20. Even Odd Tree

A binary tree is named Even-Odd if it meets the following conditions:

• The root of the binary tree is at level index 0, its children are at level index 1, their children are at level index 2, etc.

• For every even-indexed level, all nodes at the level have odd integer values in strictly increasing order (from left to right).

• For every odd-indexed level, all nodes at the level have even integer values in strictly decreasing order (from left to right).

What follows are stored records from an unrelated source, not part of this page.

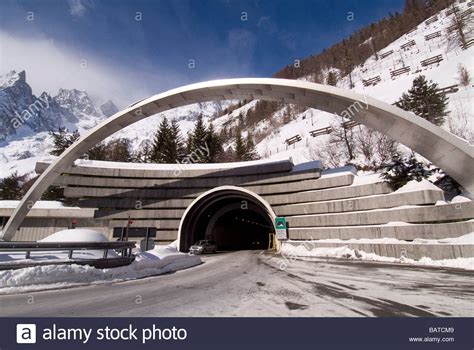 Entrance Tunnel Mont Blanc High Resolution Stock Photography And Images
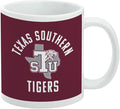 Texas Southern University Tigers Logo Ceramic Coffee Mug, Novelty Gift Mugs for Coffee, Tea and Hot Drinks, 11oz, White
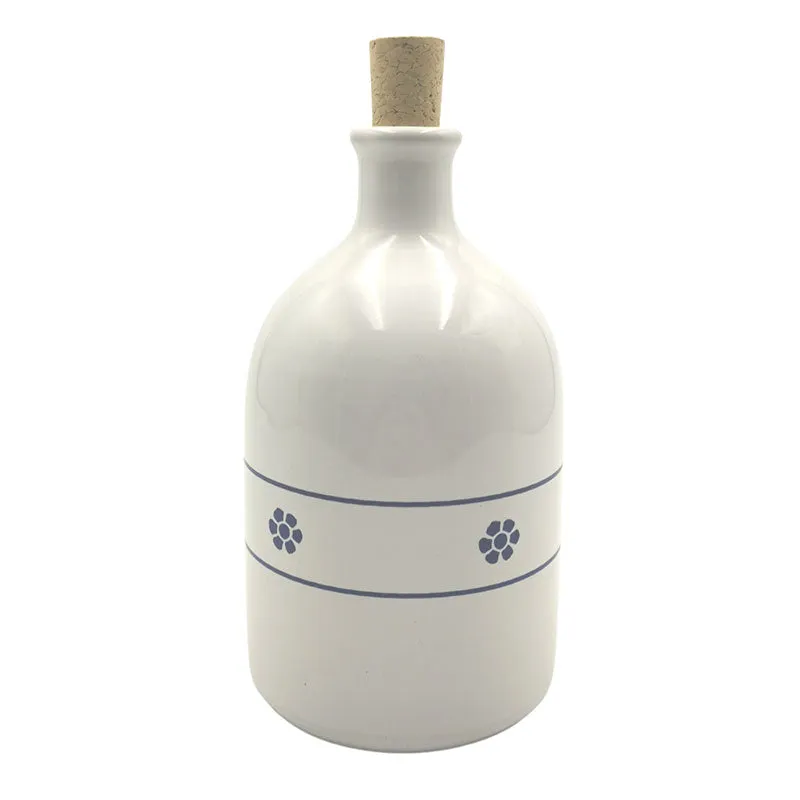 Stella Bianca Olive Oil Bottle, H17cm, White napkin rings, dining placemats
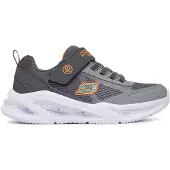 SKECHERS WIP 401495L-CCGY en charbon et gris textile / charbon synthétique / bordure orange, taille 34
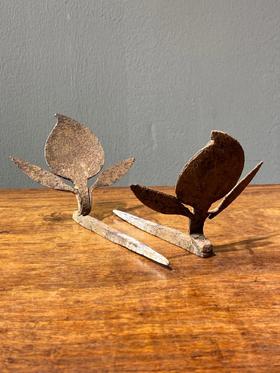 老铁制寿桃型匾额托钉，顺丰包邮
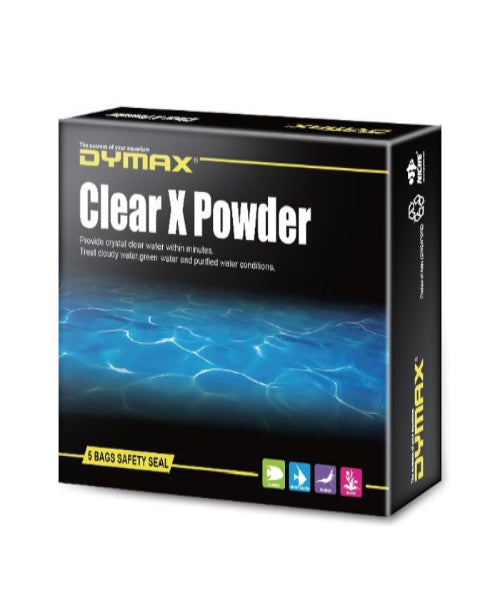 Dymax Clear X Powder Water Treatment for Aquariums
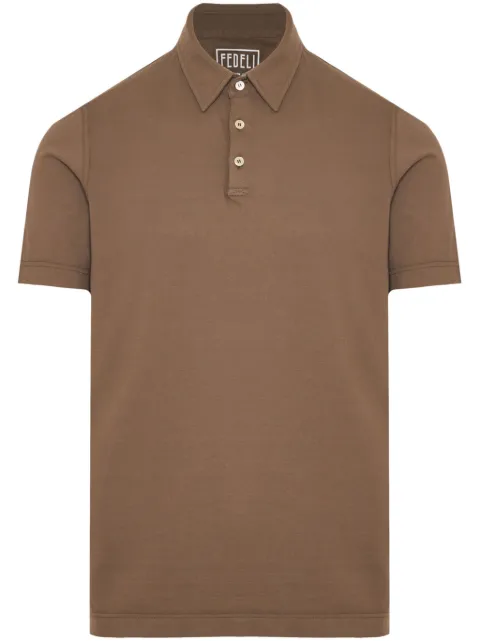 Fedeli Alby jersey polo shirt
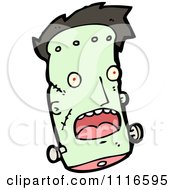 Clipart Surprised Frankenstein Head Royalty Free Vector Illustration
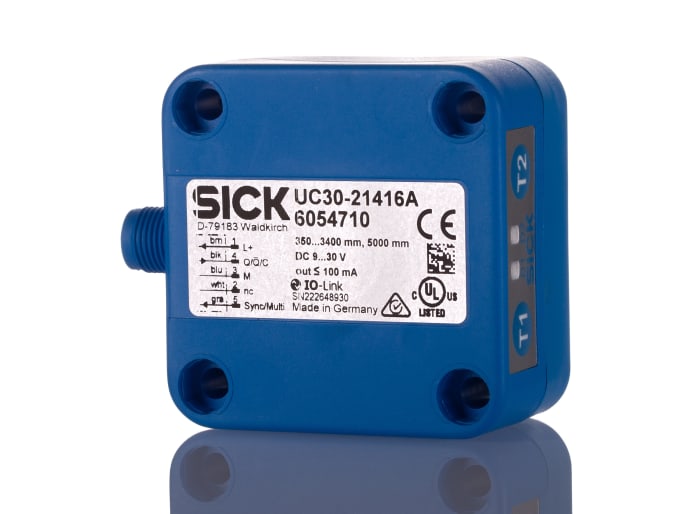SICK Ultrasonic Block Proximity Sensor, 350 → 3400 mm Detection, 9 → 30 V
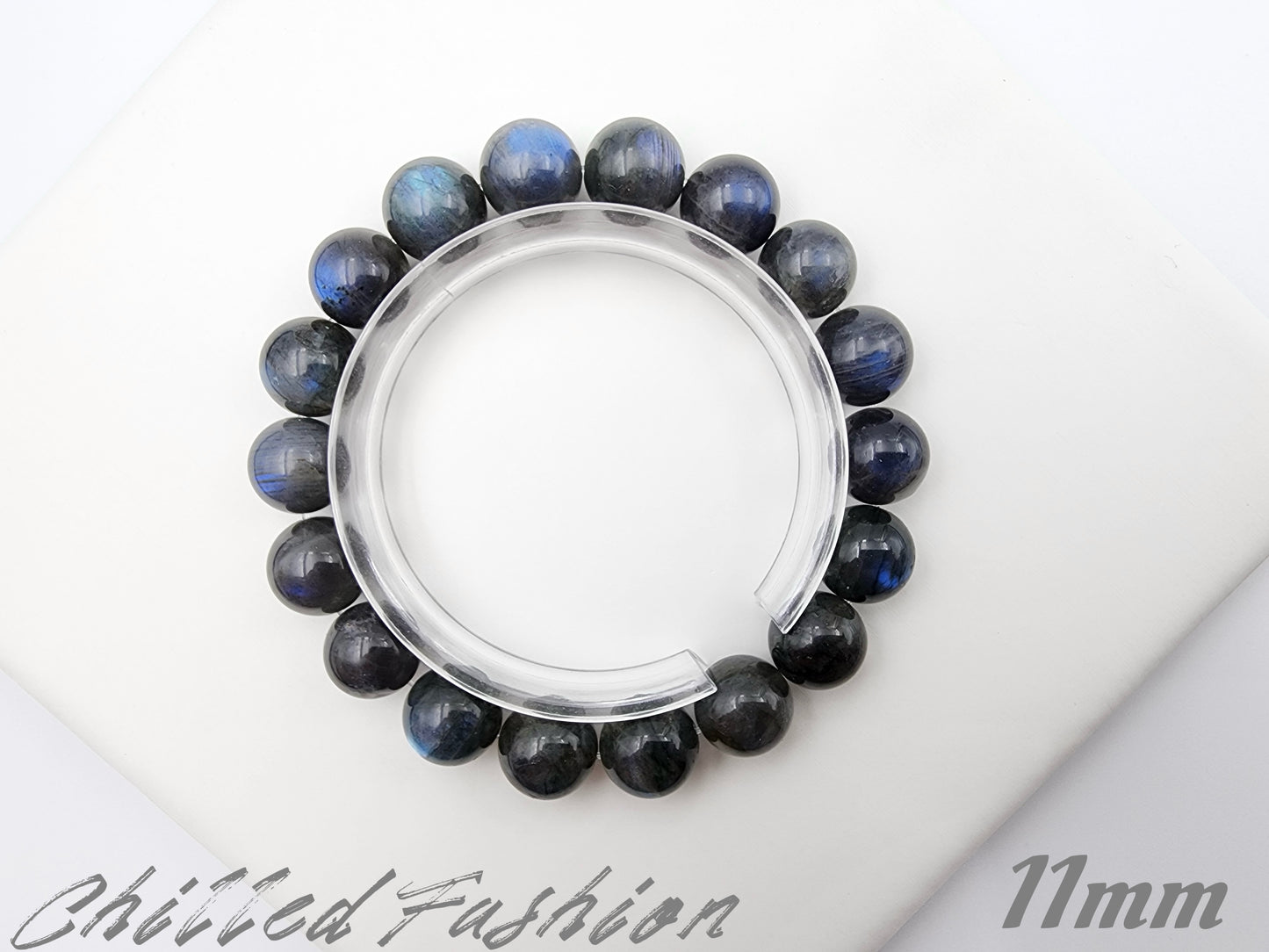 [Bracelet] Mystic Labradorite 拉长石 Round Bead Bracelet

Given the root of a binary tree, return true if the binary tree is Even-Odd, otherwise return false.

Example 1:

Input: root = [1,10,4,3,null,7,9,12,8,6,null,null,2]
Output: true
Explanation: The node values on each level are:
Level 0: [1]
Level 1: [10,4]
Level 2: [3,7,9]
Level 3: [12,8,6,2]
Since levels 0 and 2 are all odd and increasing, and levels 1 and 3 are all even and decreasing, the tree is Even-Odd.

Example 2:

Input: root = [5,4,2,3,3,7]
Output: false
Explanation: The node values on each level are:
Level 0: [5]
Level 1: [4,2]
Level 2: [3,3,7]
Node values in the level 2 must be in strictly increasing order, so the tree is not Even-Odd.

Example 3:

Input: root = [5,9,1,3,5,7]
Output: false
Explanation: Node values in the level 1 should be even integers.

Example 4:

Input: root = [1]
Output: true

Example 5:

Input: root = [11,8,6,1,3,9,11,30,20,18,16,12,10,4,2,17]
Output: true

Solution: (BFS and Array)

class Solution
{
public:
    bool isEvenOddTree(TreeNode *root)
    {

        queue<TreeNode *> q;
        q.push(root);

        int level = 0;

        while (!q.empty())
        {

            int s = q.size();
            vector<int> v;
            while (s--)
            {
                TreeNode *t = q.front();
                q.pop();
                v.push_back(t->val);
                if (t->left)
                {
                    q.push(t->left);
                }

                if (t->right)
                {
                    q.push(t->right);
                }
            }

            int prev = (level%2==0)? -1 : INT_MAX; 
            for (int i = 0; i < v.size(); i++)
            {
                if (level % 2 == 0)
                {
                    if (v[i] % 2 == 0 || v[i] <= prev)
                    {
                        return false;
                    }
                }

                if (level % 2 != 0)
                {
                    if (v[i] % 2 != 0 || v[i]>=prev)
                    {
                        return false;
                    }
                }

                prev = v[i];
            }
            level++;
        }

        return true;
    }
};

Solution: (Optimized BFS)

class Solution
{
public:
    bool isEvenOddTree(TreeNode *root)
    {

        queue<TreeNode *> q;
        q.push(root);

        int level = 0;
        
        while (!q.empty())
        {

            int s = q.size();
            int prev = (level % 2 == 0) ? -1 : INT_MAX;
            
            while (s--)
            {
                TreeNode *t = q.front();
                q.pop();

                if (t->left)
                {
                    q.push(t->left);
                }

                if (t->right)
                {
                    q.push(t->right);
                }

                if (level % 2 == 0)
                {
                    if (t->val % 2 == 0 || t->val <= prev)
                    {
                        return false;
                    }
                }

                if (level % 2 != 0)
                {
                    if (t->val % 2 != 0 || t->val >= prev)
                    {
                        return false;
                    }
                }

                prev = t->val;
            }

            level++;
        }

        return true;
    }
};